4 - Jordan Montgomery, 5/21/2021 vs Chicago White Sox
I suspect that a lot of us think of Jordan Montgomery as a nice complimentary piece in the rotation, but not a guy you necessarily want taking the ball immediately after Gerrit Cole, and that perception may be due for review this winter. Gumby was one of the thirty or so best pitchers in all of baseball in 2021, establishing himself as a bona fide No. 2 in any rotation except for the likes of the Brewers and Dodgers.
And that late May start against a loaded White Sox lineup was the unofficial arrival of Jordan Montgomery, Legitimately Good Starter.
Monty rode a buckling curveball, throwing it a third of the time, to a seven-inning, 11 strikeout, no walk outing. The Yankees won the game 2-1, and while it might be remembered best for a triple play in the top of the ninth, followed by a walkoff single from Gleyber Torres, pitching aficionados have this start burned in their minds.

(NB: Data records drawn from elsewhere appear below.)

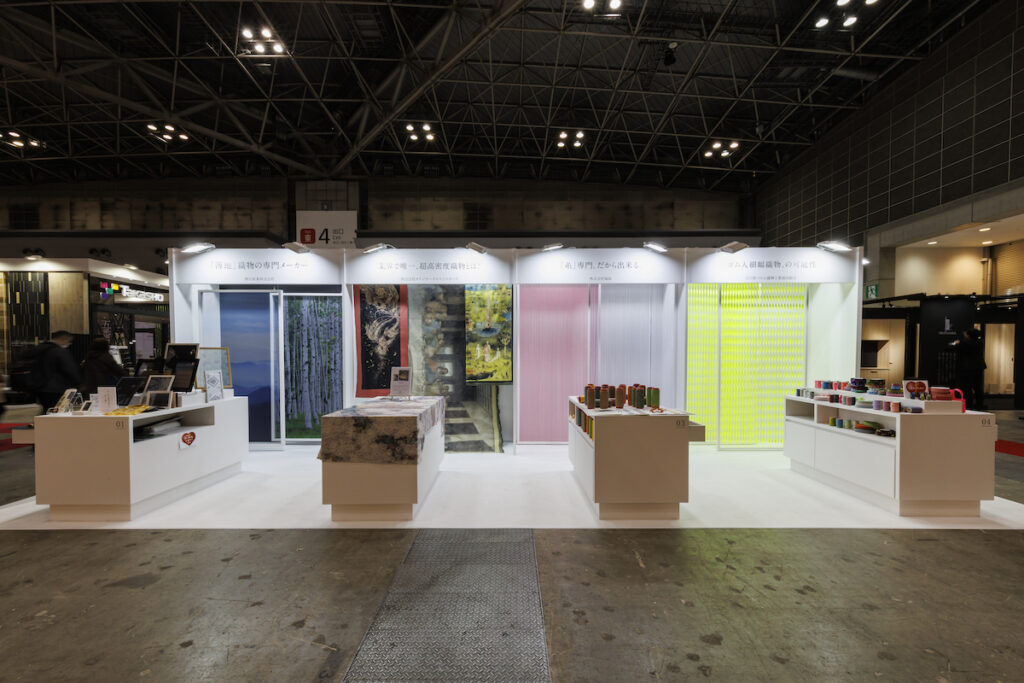 ☆メーカーの展示会で短期間展示された商品です☆16モデル/RIDE/BURNOUT 155cm☆70%OFF～☆在庫は最後の1本です☆ エリア分けを黒と白ではっきりと｜CEATEC | 展示会ブースデザイン装飾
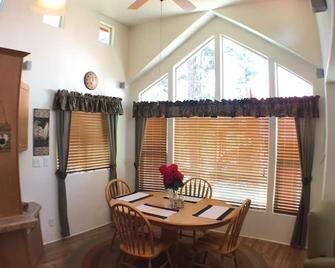 Sweet, Impeccable Cabin In The Pines ! Hiking, Lakes! - Show Low - Dining room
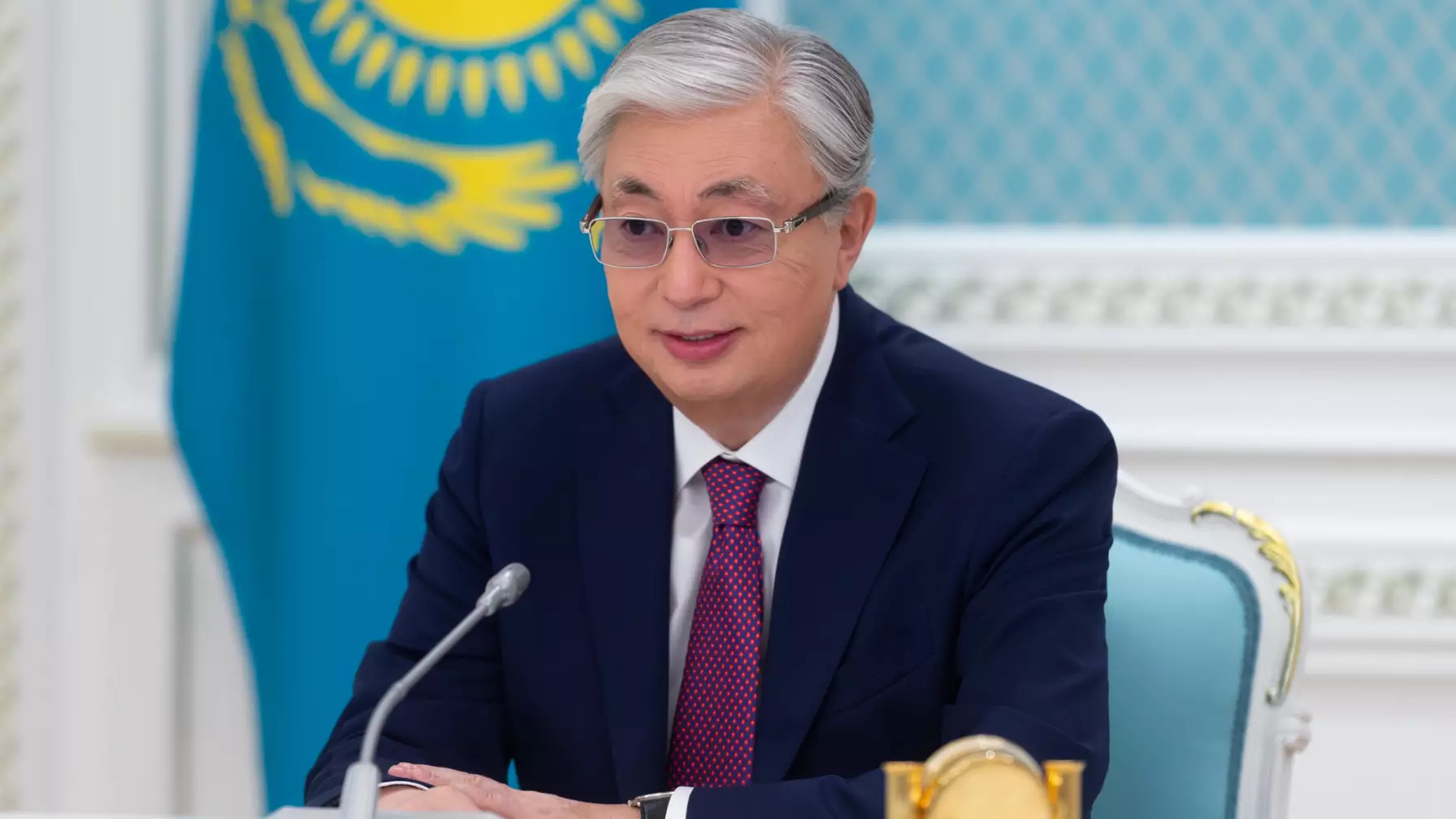 Президент Қазақстан халқын Отбасы күнімен құттықтады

3 - Gerrit Cole, 9/1/2021 at LA Angels
I don’t know who will throw the next 20 strikeout game, but any betting market has to have Gerrit Cole right near the top of the list. The closest he got in 2021 was a start in Southern California, sitting down 15 Angels over seven innings without walking a single batter.
If you needed more evidence that Cole is an ace with or without sticky stuff, this start was it. His fastball and slider sat just south of his season average spin rate, but he was able to engineer more than half of his whiffs via his two primary offerings, completely fooling the Halos while striking out presumptive AL MVP Shohei Ohtani three times.

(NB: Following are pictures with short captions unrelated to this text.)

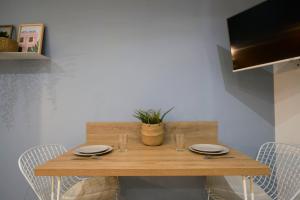 TV a/nebo společenská místnost v ubytování Equipped studio in the heart of the stations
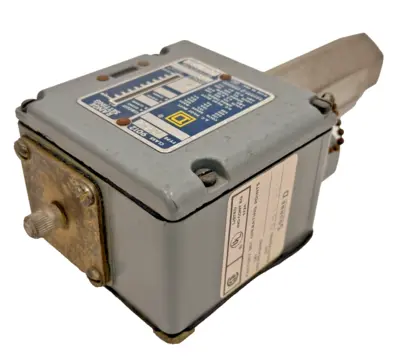 NEW SQUARE D 9012 ACW-7 PRESSURE SWITCH 575 PSI 660 PSI 9012ACW7
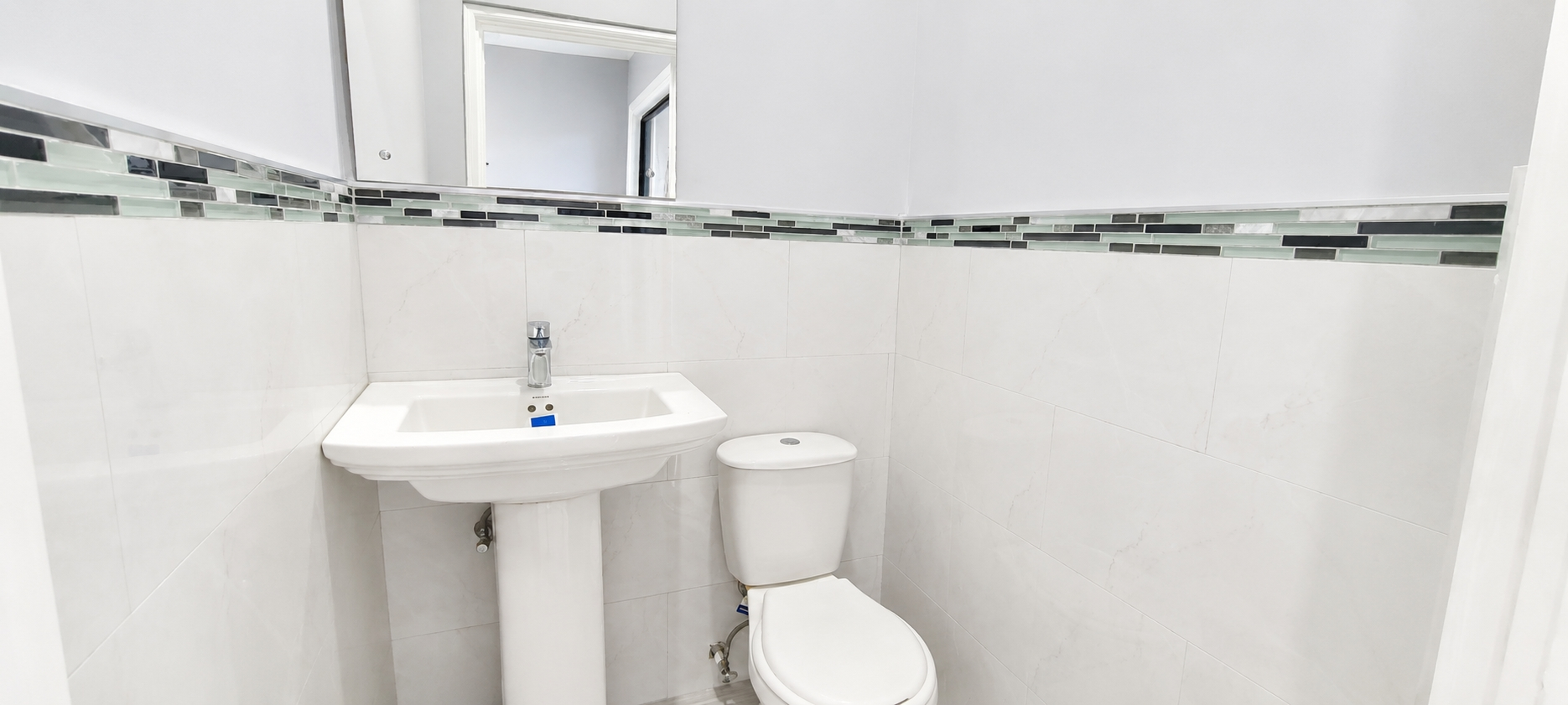 Apartment For Rent: SUNSET DRIVE, Kingston 8 | $200,000 photo 13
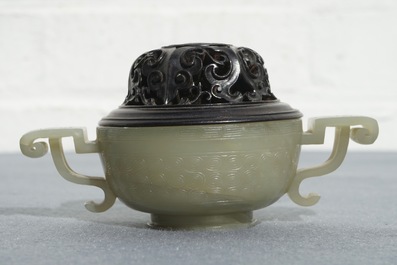 Un br&ucirc;le-parfum en jade c&eacute;ladon au couvercle et socle en bois sculpt&eacute;, Chine, 18/19&egrave;me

2 - Gerrit Cole, 7/10/2021 at Houston
Oh hey, another Gerrit Cole start, and another start after the sticky stuff crackdown. Funny, that.
They say you can’t go home again, but Cole did just that, returning to Houston after two seasons where he was a top-5 Cy Young finalist both years, and won the AL pennant in 2019. On that Saturday afternoon, Cole treated Houston to a taste of their old medicine with a complete game shutout, featuring a spirited conversation with Yankee skipper Aaron Boone in the final frame:
Gerrit Cole on his conversation with Aaron Boone in the 9th inning:— Yankees Videos (@snyyankees) July 11, 2021
“I said the F-word a lot and I kind of just blacked out" pic.twitter.com/ZO8V96v1Sq
1 - Corey Kluber, 5/19/2021 at Texas
This one really does speak for itself. Corey Kluber, in a season that wasn’t quite lost but close to it, facing the team he pitched just one inning for a year before, threw the 12th no-hitter in Yankee history, the first since David Cone was perfect in 1999.

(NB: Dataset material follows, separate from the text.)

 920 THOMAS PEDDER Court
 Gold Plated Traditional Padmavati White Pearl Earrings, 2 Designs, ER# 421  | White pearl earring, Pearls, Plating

Every no-no is special, but this one was particularly wonderful for me, since covering a no-hitter has been something I’ve wanted to do since joining this site. As my career’s accelerated a little and I’m reducing the amount of writing I’m doing here, Kluber was kind enough to give me the one start to cover that I really wanted. Even Michael Kay, whose exuberance, while a trademark, can sometimes come off a bit goofy, had a perfect call. Kluber became part of forever.